(DATA TO USE begins)
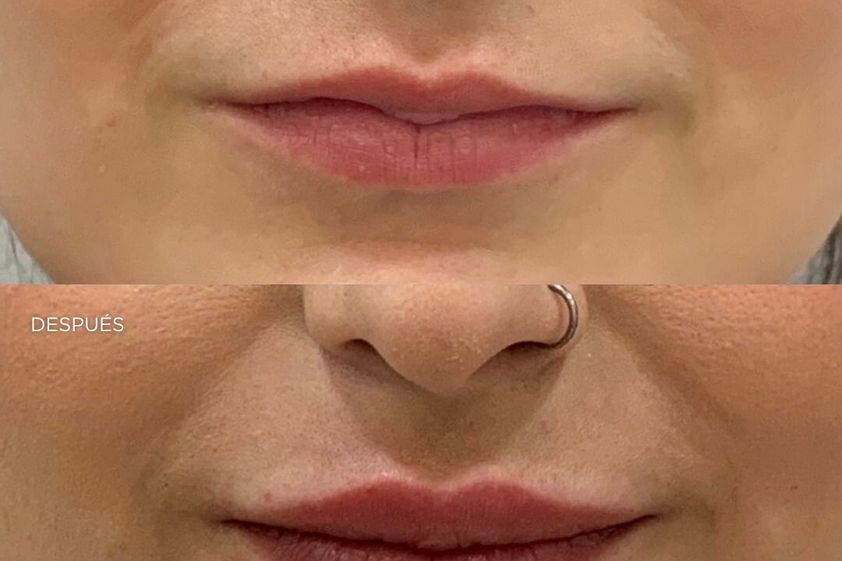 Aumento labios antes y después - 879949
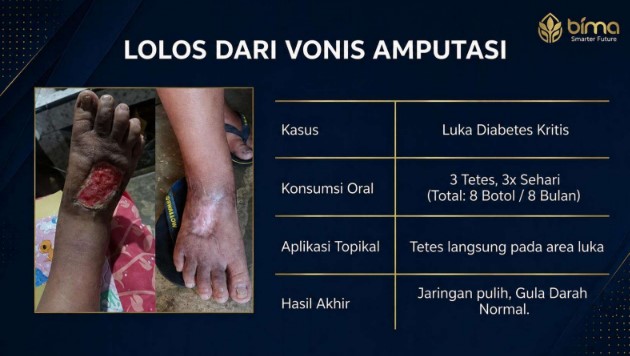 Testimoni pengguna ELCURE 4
(DATA TO USE ends)
(DATA TO USE begins)
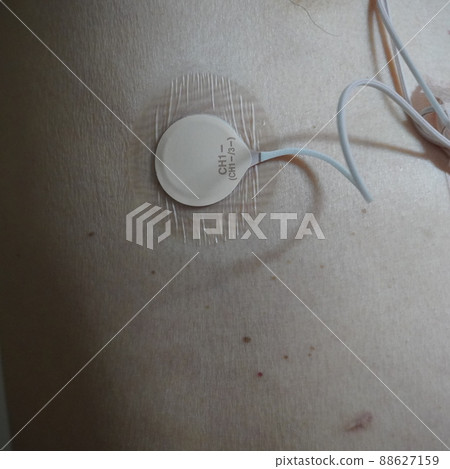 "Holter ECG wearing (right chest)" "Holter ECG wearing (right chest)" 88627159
(DATA TO USE ends)
Starting with the line that contains "Aumento labios antes y después - 879949" and finishing with the line that contains "Testimoni pengguna ELCURE 4", reproduce every line of the material above exactly, but not the pictures.

 Aumento labios antes y después - 879949
 Testimoni pengguna ELCURE 4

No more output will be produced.